In general, if you hit a page at Amazon, that page will go out to somewhere between 250 and 350 services to get that data. And all those services have to run really, really reliably.

This is a one bug, one fix model. The only thing you have to do is fix it at that one place, and all of your customers will be exposed to that immediately. There is a massive elephant in the room. If you look at that one line develop – test – operate, there is a really big box missing there. From slide: Undifferentiated heavy lifting: hardware costs, software costs, maintenance, load balancing, scaling, utilization…etc

Everyone becoming infrastructure experts. Before, 30 percent of time, energy and dollars spent on differentiated value creation. 70 percent of time, energy, and dollars on undifferentiated heavy lifting. And the way that engineers are, they love doing that stuff. Because it’s fun and it’s interesting. But each of these teams were doing that. Decided to be way more agile.

For some reason we put data centers in the same place we put trailer parks, and they attract tornadoes. (big laugh) One of the things that may surprise you is data centers fail.

At Amazon we should be able to survive complete loss of a data center without customers being affected.

Last soccer World Cup two companies launch at same time, one didn’t have the right capacity. The thing breaks down, they don’t come back. Traffic of and, almost identical. The reason I put this slide up is to show you the spikes. About 2 to 3x the traffic you get through the normal year. What are you going to do for the rest of the year. Peak capacity management is a big issue.

Moving from a team focused on infrastructure to business logic — you move fast, you decentralize many of your servers, and then you go through a phase where you analyze what you’re doing. We needed the notion of infinite capacity.

So started virtualizing compute, messaging and storage. Important that you could get and release capacity instantly. EC2. Because teams used to think if they gave up their hardware they wouldn’t get it back. People are very conservative around their resources because concerned if they lose it they won’t get it back. SQS connects different pieces together. Storage: S3, Simple DB, EC2-PS (still needs product name). For us it made sense to develop S3 first because large percent of how we access data at Amazon. So Simple DB was sort of a complement where you would store secondary keys and the real objects in S3. About 20 percent of remaining data access was data attributes, then about 5 percent of data access left. For that we developed persistent storage engine.

Recommends “Getting Real” book by 37signals.

SmugMug great interface for photos — the reason I am bringing them up is not necessarily because of first step they took, where they look at Amazon’s infrastructure as a replacement for what they normally do. At this moment 600 TB of pictures stored in Amazon S3. They are really adventurous in terms of seeing where they can take that company. They actually are taking sort of the next step. They are venturing into different businesses based on the availability of these services. SmugVault store anything with their interface.

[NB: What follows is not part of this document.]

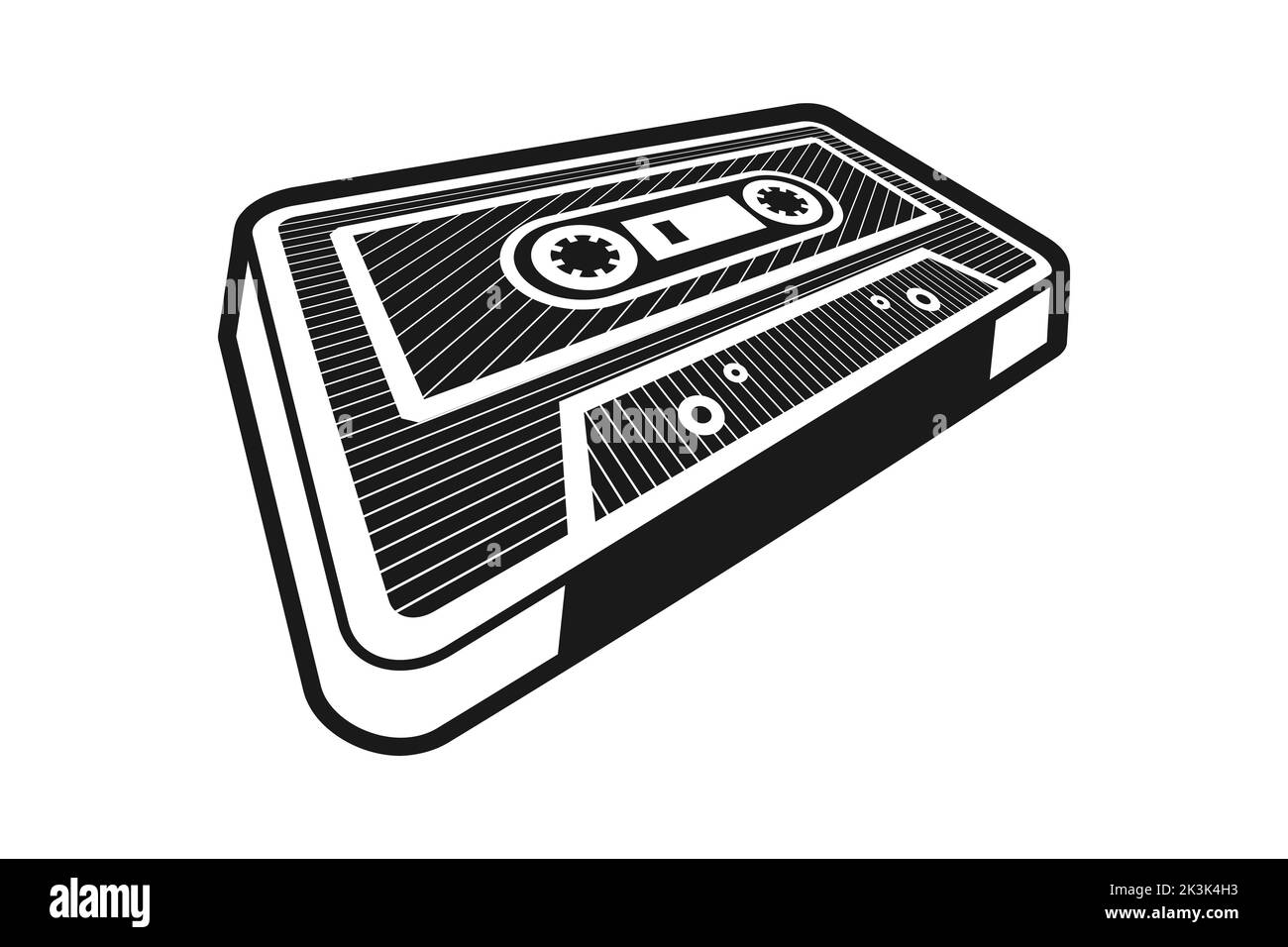 Retro music cassette tape on white background. 3D audio cassette tape in perspective. 80’s vintage design element. Monochrome black and white vector Stock Vector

Amazon builds these services internally also as tools, not as a framework. Each team can decide to use whichever development tools they need. That means that the infrastructure services we provide need to be very generic, and need to be able to switch between internally.

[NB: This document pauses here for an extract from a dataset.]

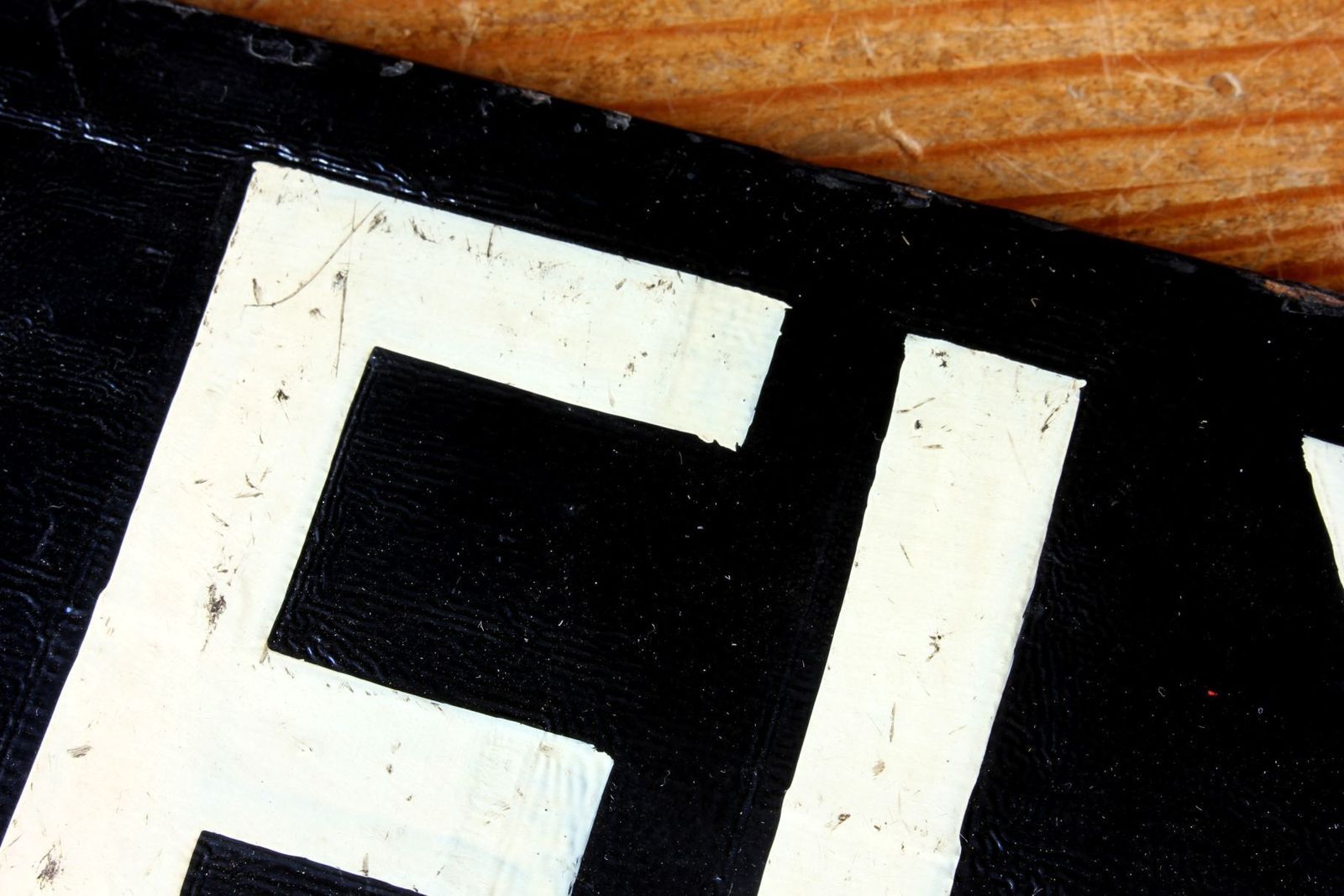 photo buy Antique Ely Train Destination Sign. Black Railway Station Signage.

Two years from now, these will be the key drivers:

  • security
  • scalability
  • availability
  • performance
  • cost-effectiveness

All these things will need to become explicit for these web services.

Addressing uncertainty:

  • acquire resources on demand
  • release resources when no longer needed
  • pay for what you use
  • leverage others’ core competencies
  • turn fixed cost into variable

To be able to assign resources on demand is essential.

Government services using Amazon, saving money.

I’ll be around all day, you can give me a dime, and I’ll predict the future for you. (laughter)

The only thing you need to access this wealth of service and storage is a credit card.